Yvan Romeuf tisse avec habileté alexandrins de Racine et airs populaires. Se mêlent alors aux fragments de souvenirs biographiques de Dalida, de somptueux dialogues classiques. Le contrepoint audacieux est savamment orchestré.
La comédienne et chanteuse Anne Lévy n’imite jamais Dalida. Elle touche par la chaleur de son timbre et la sincérité de son interprétation.

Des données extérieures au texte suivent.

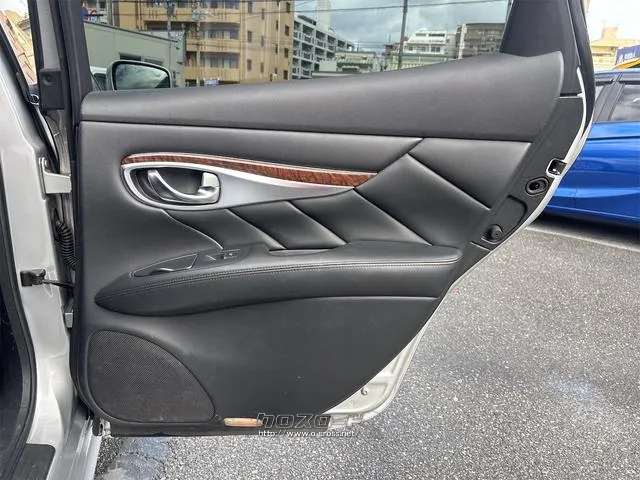 『TOTAL CAR SHOP FEEL』は、外装WAXかけ&内装クリーニングでピカピカ納車宣言!!☆★☆詳細は『FEEL』の元気なスタッフまで →098-995-7141 日産 フーガ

Elle séduit et émeut en passant avec noblesse de la tragédie classique à la comédie et au chant populaire et nous fait entrer dans l’intimité d’une femme qui crie son infini besoin d’amour.
Un hommage original pour évoquer la destinée de Yolanda Gigliotti, dite Dalida.

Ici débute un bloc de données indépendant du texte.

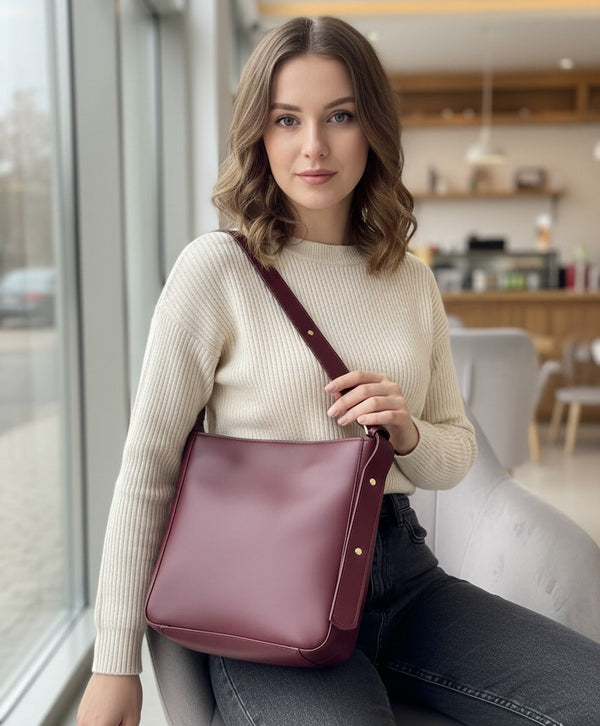 A stylish casual bag BA-30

L’envie d’un spectacle sur Dalida remonte à très loin : Quand j’ai osé m’avouer que sa mort m’a choquée, m’a peinée et que l’amour qu’elle avait tant chanté - ou le manque d’amour - n’était pas simplement du spectacle, du show biz… Derrière l’icône, la personne. Il a fallu le suicide de Dalida pour réaliser à rebours, la vérité intime contenue dans ses chansons. J’ai aussi aimé - et moqué - dans mon enfance Dalida, pour sa féminité exacerbée, ses toilettes extraordinaires, ses strass, ses paillettes, son accent, son strabisme…..son Kitch ! Il n’y aura pas trace de tout ceci dans le spectacle, à moins d’une transposition poétique….
J’ai aussi éprouvé en tant que comédienne le plein et la chaleur des salles combles et des succès puis le vide, le silence, la grande solitude du retour à la maison. Et tout bonnement mon goût pour la variété, la chanson d’amour populaire, celles qui dépassent les générations….

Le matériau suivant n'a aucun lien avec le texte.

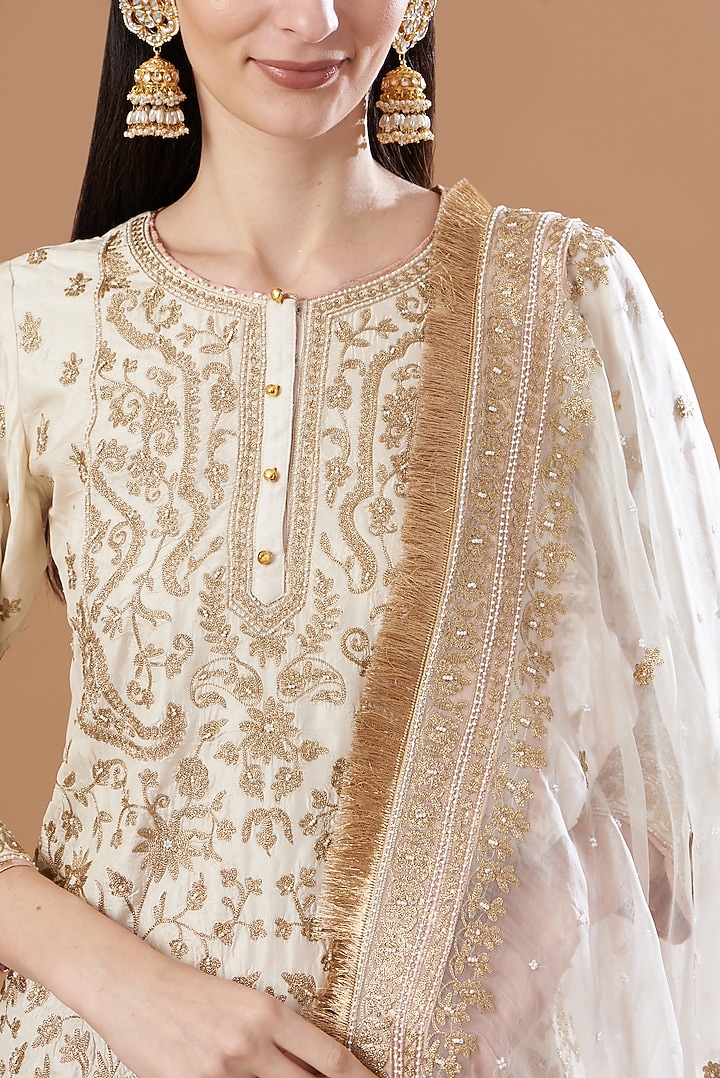 White Pure Silk Tilla Embroidered Gharara Set by Sheetal Batra at Pernia's Pop Up Shop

Puis vient Phèdre, sur proposition du metteur en scène, qui marque mon goût premier pour l’écriture de Racine, un des grands poètes de l’amour au féminin. L’alexandrin avec le souffle et l’engagement émotionnel que cela demande comme la chanson. Tresser ensemble ses deux fils (et d’autres) de culture populaire et classique fait naître en moi la joie d’une réconciliation autour de « la femme amoureuse ».
Elles disent, elles chantent, elles pleurent, elles sont malades, folles, abandonnées, honteuses, glorieuses, provocantes, mais elles parlent, elles sont vivantes…. Jusqu'à ce qu’à bout de force, ne trouvant plus d’issue à ce besoin vital devenue une souffrance trop grande …elles se donnent la mort, la délivrance. Pulsion de vie, pulsion de mort. Eros et Thanatos. Chanson d’amour et tragédie.
Plonger dans une histoire d’amour. Se jeter sur scène. Sauter dans l’inconnu de la mort.